Notar is quick to refute the notion that the Bunnies are in any way untoward.
“Check out someone’s phone and tell me that you think that’s not more provocative,” he says. “Don’t take a shot at Playboy. You want to see nudity? That’s the last place you’re probably going to look.”
Indeed, the Bunnies are less risqué than the kind of shot girls you’re likely to see at any Vegas nightclub. And in a world over-saturated with pictures of scantily-clad women, whether it be on Instagram or the internet or HBO, the presence of servers in sexy bodysuits—which was rather subtle, at least last night—is decidedly tame, almost irrelevant.
Notar likens them to “an art piece,” and I kind of have to agree: they are less sex symbols than symbols of sex, titillating not for who they actually are but the world they represent. Naturally, people will be drawn to or repelled by the club on similar grounds—on the basis of the idea of the Playboy Club rather than the club itself.
Last night, the crowd skewed a bit middle-aged-white-male (I mistook several men for Michael Douglas), though it was relatively age-agnostic.
In the lounge, the music—a fun mix of mostly oldies—was blasting, the vibe chummy yet casual, more Mad Men than Eyes Wide Shut; surreptitiously hitting one’s Juul while scrolling through Instagram appeared to have replaced smoking Lucky Strikes while stirring one’s martini.
When Thicke came out to perform in the clubbier Black Box, he reminded me of an MC at a rich kid’s bar mitzvah reception, at the point in the night when all the tweens are dancing and the parents have decided to let loose.
The women at the club were just as, if not more, inclined to pose for photos with the Bunnies, who were friendly but not inordinately so.
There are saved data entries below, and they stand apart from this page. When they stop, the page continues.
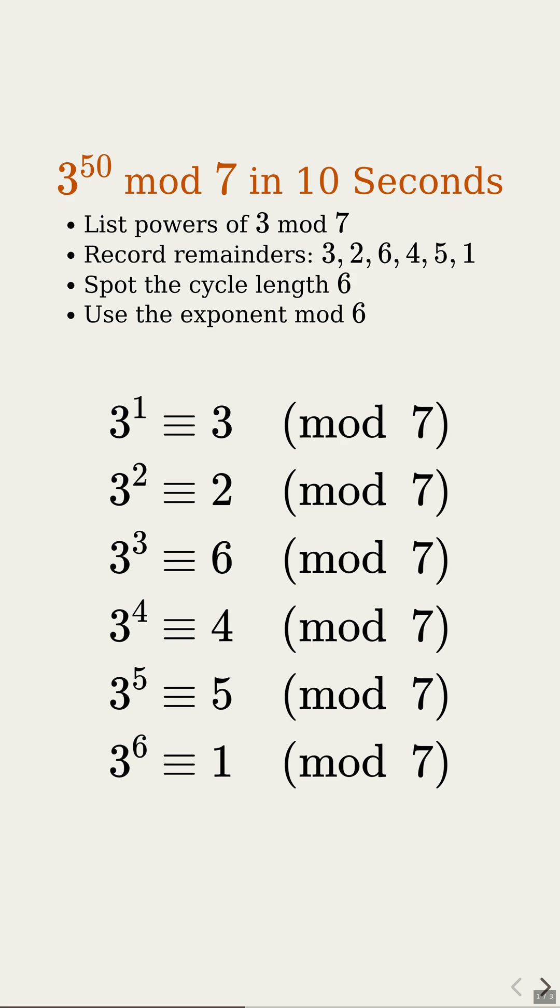Here is the full cycle: 3, 2, 6, 4, 5, 1. Then it loops again. Nice. That loop is the secret weapon.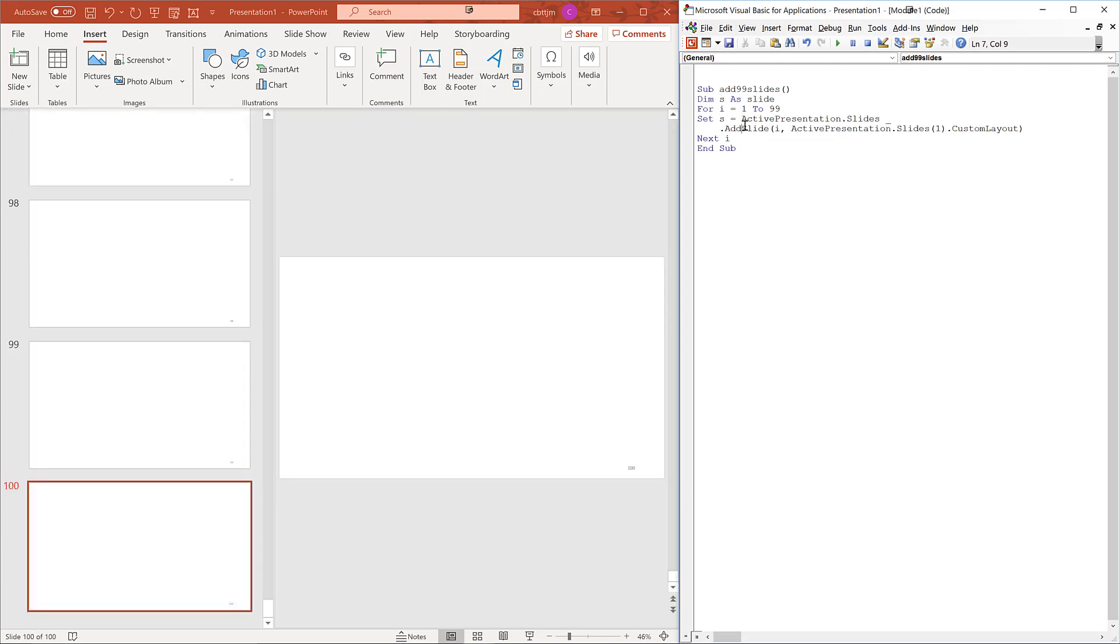That concludes the setup so we have a realistic example. It would be very tedious to bold all the slide numbers manually. The VBA code is going to do the same thing for every slide.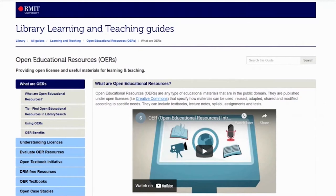We will show you how to find a textbook in your subject area, how to access the book, view the Creative Commons licence, and we will explain how you can use the book in your teaching.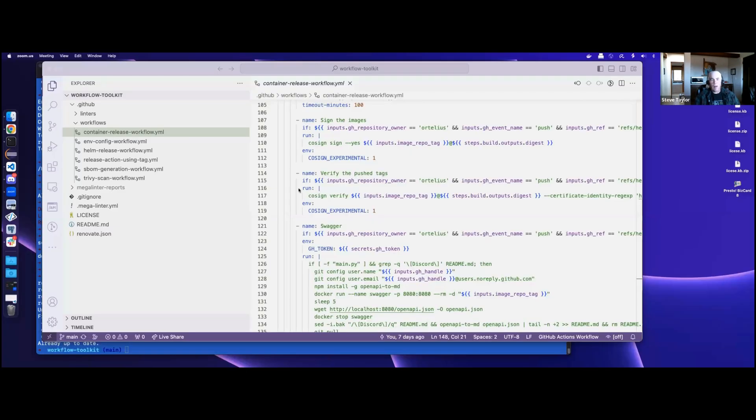Welcome everybody to the Ortelius Architecture meeting on April 25th. Let me share my screen, and we're going to pick up where we left off last week.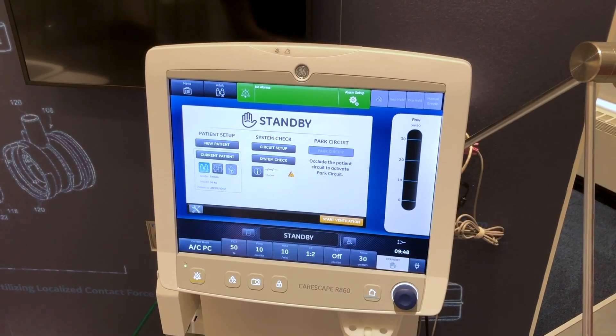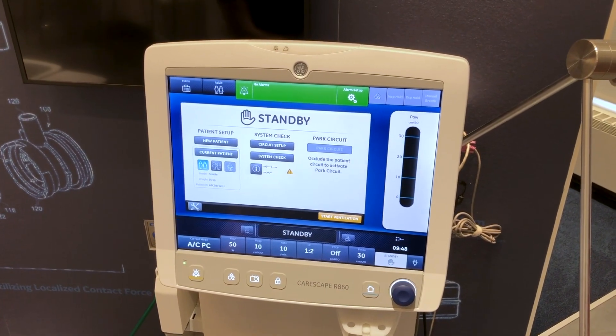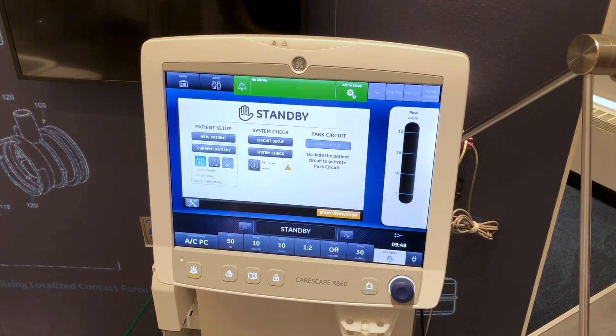In this video you will learn how to complete the patient setup on the CareScape R860.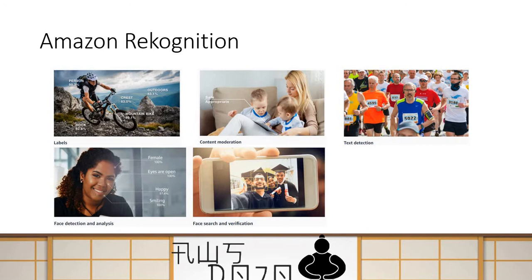It can do face analysis and search as well. You can detect a face in the picture, and do various analysis in terms of whether the face is male or female, eyes are open or closed, smiling, happy or not happy. When you identify faces, you can give an ID to a face and then search that face in other pictures to see if that face appears in those pictures too.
Whether the club itself—and the lifestyle it implies—will appeal to younger, more luxury-averse consumers, remains to be seen.
Urban clubs such as the Wing and Soho House are becoming increasingly popular amongst millennials, yet their draw has more to do with careerism than leisure—perfect for a generation who, with iPhones, Slack and the gig economy, entered the workforce without a physical distinction between work and play. On the contrary, country clubs are seemingly less attractive, due to illogical fees, old-fashioned rules and an emphasis on golf.
The Playboy Club would like to land closer to the Soho House end of the spectrum.
“I envision an up-and-coming artist in his twenties from downtown sitting next to a tech-y billionaire and exchanging ideas,” Notar said.
He also envisions a comeback for the kind of glamor associated with his halcyon days at Studio 54.
“I’m kind of done sitting on a reclaimed barn door where they don’t take reservations. Sometimes in New York City, you want to dress up a bit. You want to feel like you’ve gone out. You come here and it’s ‘bring your game.’ Bring your game.”